# When 80% of Your Crawl Budget Goes to ?sort=price Duplicates

E-commerce and large blog sites routinely spray URLs like /products?sort=price&amp;filter=red&amp;page=2&amp;utm_source=email. Googlebot crawls every combination; 80% of crawl budget goes to near-duplicates of one canonical page. The auditor clusters URLs by parameter fingerprint and emits the robots.txt + canonical config to stop the waste.

Author: J.A. Watte
Published: May 1, 2026
Source: https://jwatte.com/blog/blog-tool-param-crawl-waste/

---

One canonical product page can spray thousands of URLs once you layer filtering, sorting, pagination, UTMs, affiliate codes, and A/B-test parameters. Googlebot crawls them. AI crawlers often give up entirely, or they crawl a subset and treat the remainder as off-budget.

The [URL Parameter Crawl-Waste Audit](/tools/param-crawl-waste/) clusters URLs by parameter fingerprint, estimates the duplicate-crawl percentage, and emits the robots.txt + canonical-tag config to stop the bleed.

## Parameter categories (and what to do about each)

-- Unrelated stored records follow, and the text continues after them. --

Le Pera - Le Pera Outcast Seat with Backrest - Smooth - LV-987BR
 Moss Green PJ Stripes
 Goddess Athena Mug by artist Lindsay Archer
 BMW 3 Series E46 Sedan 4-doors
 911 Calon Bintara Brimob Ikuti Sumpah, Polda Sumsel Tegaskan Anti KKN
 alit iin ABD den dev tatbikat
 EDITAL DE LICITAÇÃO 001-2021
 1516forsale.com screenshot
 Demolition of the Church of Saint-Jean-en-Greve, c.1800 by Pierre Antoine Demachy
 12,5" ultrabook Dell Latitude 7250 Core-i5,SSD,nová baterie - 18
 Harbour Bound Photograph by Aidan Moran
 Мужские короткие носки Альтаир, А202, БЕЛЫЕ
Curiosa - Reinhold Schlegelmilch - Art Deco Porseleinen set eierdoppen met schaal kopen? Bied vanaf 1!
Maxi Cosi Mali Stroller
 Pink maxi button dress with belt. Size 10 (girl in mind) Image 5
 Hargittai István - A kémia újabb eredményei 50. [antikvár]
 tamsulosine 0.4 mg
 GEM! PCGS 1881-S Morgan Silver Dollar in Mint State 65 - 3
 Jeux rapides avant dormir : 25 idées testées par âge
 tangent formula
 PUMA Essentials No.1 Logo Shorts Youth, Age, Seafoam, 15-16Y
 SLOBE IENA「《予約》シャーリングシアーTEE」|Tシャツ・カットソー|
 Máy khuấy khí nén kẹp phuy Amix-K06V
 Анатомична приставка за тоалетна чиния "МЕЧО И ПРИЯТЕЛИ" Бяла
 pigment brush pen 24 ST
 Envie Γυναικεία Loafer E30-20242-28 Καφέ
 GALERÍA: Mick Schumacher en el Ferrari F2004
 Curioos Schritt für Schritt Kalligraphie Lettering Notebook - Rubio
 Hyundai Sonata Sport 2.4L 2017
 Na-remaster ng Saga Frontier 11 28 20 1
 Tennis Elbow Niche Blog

- **Tracking** (`utm_*`, `fbclid`, `gclid`, `ref`, `affiliate`): **block in robots.txt.** Never useful to index.
- **Sort / order** (`sort`, `order`, `direction`): **block.** The unsorted canonical is what should rank.
- **Facets** (`filter`, `category`, `tag`, `color`, `size`, `price_min`): **canonical to unfiltered page** unless you're intentionally targeting facet-specific keywords.
- **Pagination** (`page`, `p`, `offset`): **keep, add rel=next/prev** in the head.
- **Locale** (`lang`, `locale`, `hl`): **keep, use hreflang** for international.
- **Session** (`session`, `sid`, `token`): **block.** Session URLs should never be indexed.
- **View mode** (`print`, `view`, `format`): **canonical to default view.**

## What the auditor does

1. Takes a sitemap URL or a pasted list (e.g. from GSC Coverage CSV export).
2. Parses every URL, extracts the path + sorted parameter-key fingerprint.
3. Clusters by path. Paths with 3+ distinct fingerprints are marked as duplicate clusters.
4. Counts parameter frequency across all URLs.
5. Classifies each parameter using the 7 categories above.
6. Estimates crawl-waste % = duplicates / total URLs.
7. Emits a ready-to-paste robots.txt block (Disallow for all BLOCK-classified params) + canonical-tag recipe.

## Typical first-run output

- **Clean small site:** 3-5% waste. Usually UTM parameters from inbound traffic. Low priority to block.
- **Medium blog / marketing site:** 10-15% waste. Mix of tracking + old A/B test params. Moderate priority.
- **E-commerce / large catalog:** 30-60% waste. Facet + sort + pagination combinatorial explosion. Critical priority.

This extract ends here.